• **TASK DETAILS**:
Start at the line in the entries below that contains "image for item", stop at the line that contains "Vestido midi negro", and output exactly the lines in that span, both ends included.

[GIVEN ENTRIES — start]

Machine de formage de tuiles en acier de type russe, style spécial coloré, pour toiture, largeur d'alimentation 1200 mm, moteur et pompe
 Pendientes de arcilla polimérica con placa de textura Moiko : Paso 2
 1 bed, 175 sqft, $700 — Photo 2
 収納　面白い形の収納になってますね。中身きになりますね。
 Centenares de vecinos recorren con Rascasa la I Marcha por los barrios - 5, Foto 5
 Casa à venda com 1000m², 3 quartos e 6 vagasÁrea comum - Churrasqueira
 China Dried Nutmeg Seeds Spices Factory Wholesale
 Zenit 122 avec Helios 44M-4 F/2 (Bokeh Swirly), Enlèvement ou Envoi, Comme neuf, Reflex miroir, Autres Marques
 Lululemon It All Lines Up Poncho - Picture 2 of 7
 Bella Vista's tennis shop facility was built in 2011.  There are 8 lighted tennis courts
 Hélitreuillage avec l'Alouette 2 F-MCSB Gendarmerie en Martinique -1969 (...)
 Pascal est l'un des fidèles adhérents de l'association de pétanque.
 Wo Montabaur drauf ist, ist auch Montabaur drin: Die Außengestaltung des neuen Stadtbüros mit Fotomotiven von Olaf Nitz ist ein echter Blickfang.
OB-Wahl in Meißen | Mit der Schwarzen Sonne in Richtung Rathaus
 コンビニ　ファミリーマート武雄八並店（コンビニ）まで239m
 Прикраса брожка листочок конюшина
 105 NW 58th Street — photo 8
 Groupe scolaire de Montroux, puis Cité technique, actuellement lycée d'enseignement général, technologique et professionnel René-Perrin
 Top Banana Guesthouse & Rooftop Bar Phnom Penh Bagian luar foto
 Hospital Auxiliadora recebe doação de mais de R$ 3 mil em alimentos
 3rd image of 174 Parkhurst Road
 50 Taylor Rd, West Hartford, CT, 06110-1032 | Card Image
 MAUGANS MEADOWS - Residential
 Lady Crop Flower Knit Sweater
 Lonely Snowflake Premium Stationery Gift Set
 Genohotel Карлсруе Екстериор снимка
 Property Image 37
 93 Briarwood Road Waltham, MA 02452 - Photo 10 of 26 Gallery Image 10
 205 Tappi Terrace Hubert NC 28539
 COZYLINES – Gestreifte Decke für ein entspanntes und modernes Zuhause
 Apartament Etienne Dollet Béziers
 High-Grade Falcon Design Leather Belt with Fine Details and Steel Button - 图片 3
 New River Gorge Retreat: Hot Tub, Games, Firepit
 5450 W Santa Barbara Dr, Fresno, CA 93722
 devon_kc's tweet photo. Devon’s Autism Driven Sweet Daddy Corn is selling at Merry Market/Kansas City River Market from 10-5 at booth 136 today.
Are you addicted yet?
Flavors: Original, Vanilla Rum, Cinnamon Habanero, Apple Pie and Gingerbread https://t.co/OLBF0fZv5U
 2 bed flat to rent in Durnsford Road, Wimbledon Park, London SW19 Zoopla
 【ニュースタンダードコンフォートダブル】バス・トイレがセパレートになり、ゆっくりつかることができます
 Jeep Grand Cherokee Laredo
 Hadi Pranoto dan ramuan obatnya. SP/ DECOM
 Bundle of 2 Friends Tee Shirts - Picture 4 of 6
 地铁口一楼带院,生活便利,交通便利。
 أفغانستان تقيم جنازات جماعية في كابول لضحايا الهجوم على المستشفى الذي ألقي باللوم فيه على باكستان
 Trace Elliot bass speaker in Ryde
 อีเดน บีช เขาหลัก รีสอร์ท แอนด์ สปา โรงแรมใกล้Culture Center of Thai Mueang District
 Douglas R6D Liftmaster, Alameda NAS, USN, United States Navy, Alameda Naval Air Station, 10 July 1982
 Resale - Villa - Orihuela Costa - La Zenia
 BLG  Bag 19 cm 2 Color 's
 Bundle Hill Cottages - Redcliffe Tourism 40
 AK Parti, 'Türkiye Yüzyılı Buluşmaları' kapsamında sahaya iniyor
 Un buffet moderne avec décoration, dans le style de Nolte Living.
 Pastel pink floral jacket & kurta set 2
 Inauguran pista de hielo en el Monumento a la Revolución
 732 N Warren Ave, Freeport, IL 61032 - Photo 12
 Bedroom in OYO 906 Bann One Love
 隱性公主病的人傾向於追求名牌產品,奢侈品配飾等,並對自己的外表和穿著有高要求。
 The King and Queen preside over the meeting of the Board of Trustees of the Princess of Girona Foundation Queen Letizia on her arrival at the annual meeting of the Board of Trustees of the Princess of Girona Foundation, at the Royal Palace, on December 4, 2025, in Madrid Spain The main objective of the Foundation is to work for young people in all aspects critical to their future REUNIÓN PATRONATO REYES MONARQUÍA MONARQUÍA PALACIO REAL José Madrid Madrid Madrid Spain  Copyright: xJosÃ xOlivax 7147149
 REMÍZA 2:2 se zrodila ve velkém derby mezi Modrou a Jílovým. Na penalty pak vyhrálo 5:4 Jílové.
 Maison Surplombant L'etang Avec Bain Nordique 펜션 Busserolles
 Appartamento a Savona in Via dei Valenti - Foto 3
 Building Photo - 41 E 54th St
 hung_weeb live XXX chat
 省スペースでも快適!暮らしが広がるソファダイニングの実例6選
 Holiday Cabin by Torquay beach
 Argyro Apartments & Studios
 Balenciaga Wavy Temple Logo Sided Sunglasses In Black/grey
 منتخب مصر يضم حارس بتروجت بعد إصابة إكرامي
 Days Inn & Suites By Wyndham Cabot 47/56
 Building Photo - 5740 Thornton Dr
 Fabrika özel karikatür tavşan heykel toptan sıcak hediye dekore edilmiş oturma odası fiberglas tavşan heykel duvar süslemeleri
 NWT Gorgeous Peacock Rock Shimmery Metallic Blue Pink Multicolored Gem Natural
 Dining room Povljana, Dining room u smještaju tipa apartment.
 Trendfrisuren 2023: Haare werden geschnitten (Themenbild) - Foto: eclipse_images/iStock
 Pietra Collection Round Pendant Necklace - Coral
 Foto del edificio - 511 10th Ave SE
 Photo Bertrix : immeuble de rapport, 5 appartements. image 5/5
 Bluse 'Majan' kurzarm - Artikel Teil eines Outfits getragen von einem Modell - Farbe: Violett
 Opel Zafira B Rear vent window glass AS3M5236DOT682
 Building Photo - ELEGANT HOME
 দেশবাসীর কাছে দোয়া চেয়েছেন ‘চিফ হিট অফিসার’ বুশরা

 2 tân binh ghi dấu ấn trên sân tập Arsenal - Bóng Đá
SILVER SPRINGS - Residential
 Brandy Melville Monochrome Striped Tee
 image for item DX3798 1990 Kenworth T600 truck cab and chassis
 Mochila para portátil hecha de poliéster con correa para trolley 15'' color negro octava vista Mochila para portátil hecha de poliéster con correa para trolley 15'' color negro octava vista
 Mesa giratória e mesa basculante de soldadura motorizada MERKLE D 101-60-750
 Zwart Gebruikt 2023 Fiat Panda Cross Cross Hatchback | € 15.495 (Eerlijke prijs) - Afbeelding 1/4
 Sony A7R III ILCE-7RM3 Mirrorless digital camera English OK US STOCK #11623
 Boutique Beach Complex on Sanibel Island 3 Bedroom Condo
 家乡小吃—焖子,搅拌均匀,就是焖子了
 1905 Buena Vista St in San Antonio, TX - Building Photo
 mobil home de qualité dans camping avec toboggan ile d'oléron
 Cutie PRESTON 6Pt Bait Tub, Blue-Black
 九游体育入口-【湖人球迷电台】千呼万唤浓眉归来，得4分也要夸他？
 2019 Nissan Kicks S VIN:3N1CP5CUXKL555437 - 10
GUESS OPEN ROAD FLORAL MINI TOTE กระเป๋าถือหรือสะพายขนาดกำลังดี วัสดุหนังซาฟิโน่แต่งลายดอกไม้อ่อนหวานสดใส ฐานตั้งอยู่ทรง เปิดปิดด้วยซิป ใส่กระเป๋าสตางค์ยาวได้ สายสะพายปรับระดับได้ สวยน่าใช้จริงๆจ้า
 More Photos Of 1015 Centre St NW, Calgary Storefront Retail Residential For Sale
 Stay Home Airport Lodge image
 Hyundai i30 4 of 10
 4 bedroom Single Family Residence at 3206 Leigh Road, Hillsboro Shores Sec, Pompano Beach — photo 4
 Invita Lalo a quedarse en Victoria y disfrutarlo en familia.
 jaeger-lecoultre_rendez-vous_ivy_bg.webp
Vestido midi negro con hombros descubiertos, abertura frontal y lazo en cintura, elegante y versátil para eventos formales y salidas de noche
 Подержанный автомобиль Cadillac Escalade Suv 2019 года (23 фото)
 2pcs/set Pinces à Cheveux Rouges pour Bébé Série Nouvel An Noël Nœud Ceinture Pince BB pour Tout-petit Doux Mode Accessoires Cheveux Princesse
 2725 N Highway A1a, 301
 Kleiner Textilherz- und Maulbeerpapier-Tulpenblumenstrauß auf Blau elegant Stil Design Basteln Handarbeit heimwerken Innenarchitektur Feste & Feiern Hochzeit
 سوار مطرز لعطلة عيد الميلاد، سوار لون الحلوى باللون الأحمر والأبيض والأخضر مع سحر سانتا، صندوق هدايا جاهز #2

[GIVEN ENTRIES — finish]

• **EXPECTED ANSWER**:
 image for item DX3798 1990 Kenworth T600 truck cab and chassis
 Mochila para portátil hecha de poliéster con correa para trolley 15'' color negro octava vista Mochila para portátil hecha de poliéster con correa para trolley 15'' color negro octava vista
 Mesa giratória e mesa basculante de soldadura motorizada MERKLE D 101-60-750
 Zwart Gebruikt 2023 Fiat Panda Cross Cross Hatchback | € 15.495 (Eerlijke prijs) - Afbeelding 1/4
 Sony A7R III ILCE-7RM3 Mirrorless digital camera English OK US STOCK #11623
 Boutique Beach Complex on Sanibel Island 3 Bedroom Condo
 家乡小吃—焖子,搅拌均匀,就是焖子了
 1905 Buena Vista St in San Antonio, TX - Building Photo
 mobil home de qualité dans camping avec toboggan ile d'oléron
 Cutie PRESTON 6Pt Bait Tub, Blue-Black
 九游体育入口-【湖人球迷电台】千呼万唤浓眉归来，得4分也要夸他？
 2019 Nissan Kicks S VIN:3N1CP5CUXKL555437 - 10
GUESS OPEN ROAD FLORAL MINI TOTE กระเป๋าถือหรือสะพายขนาดกำลังดี วัสดุหนังซาฟิโน่แต่งลายดอกไม้อ่อนหวานสดใส ฐานตั้งอยู่ทรง เปิดปิดด้วยซิป ใส่กระเป๋าสตางค์ยาวได้ สายสะพายปรับระดับได้ สวยน่าใช้จริงๆจ้า
 More Photos Of 1015 Centre St NW, Calgary Storefront Retail Residential For Sale
 Stay Home Airport Lodge image
 Hyundai i30 4 of 10
 4 bedroom Single Family Residence at 3206 Leigh Road, Hillsboro Shores Sec, Pompano Beach — photo 4
 Invita Lalo a quedarse en Victoria y disfrutarlo en familia.
 jaeger-lecoultre_rendez-vous_ivy_bg.webp
Vestido midi negro con hombros descubiertos, abertura frontal y lazo en cintura, elegante y versátil para eventos formales y salidas de noche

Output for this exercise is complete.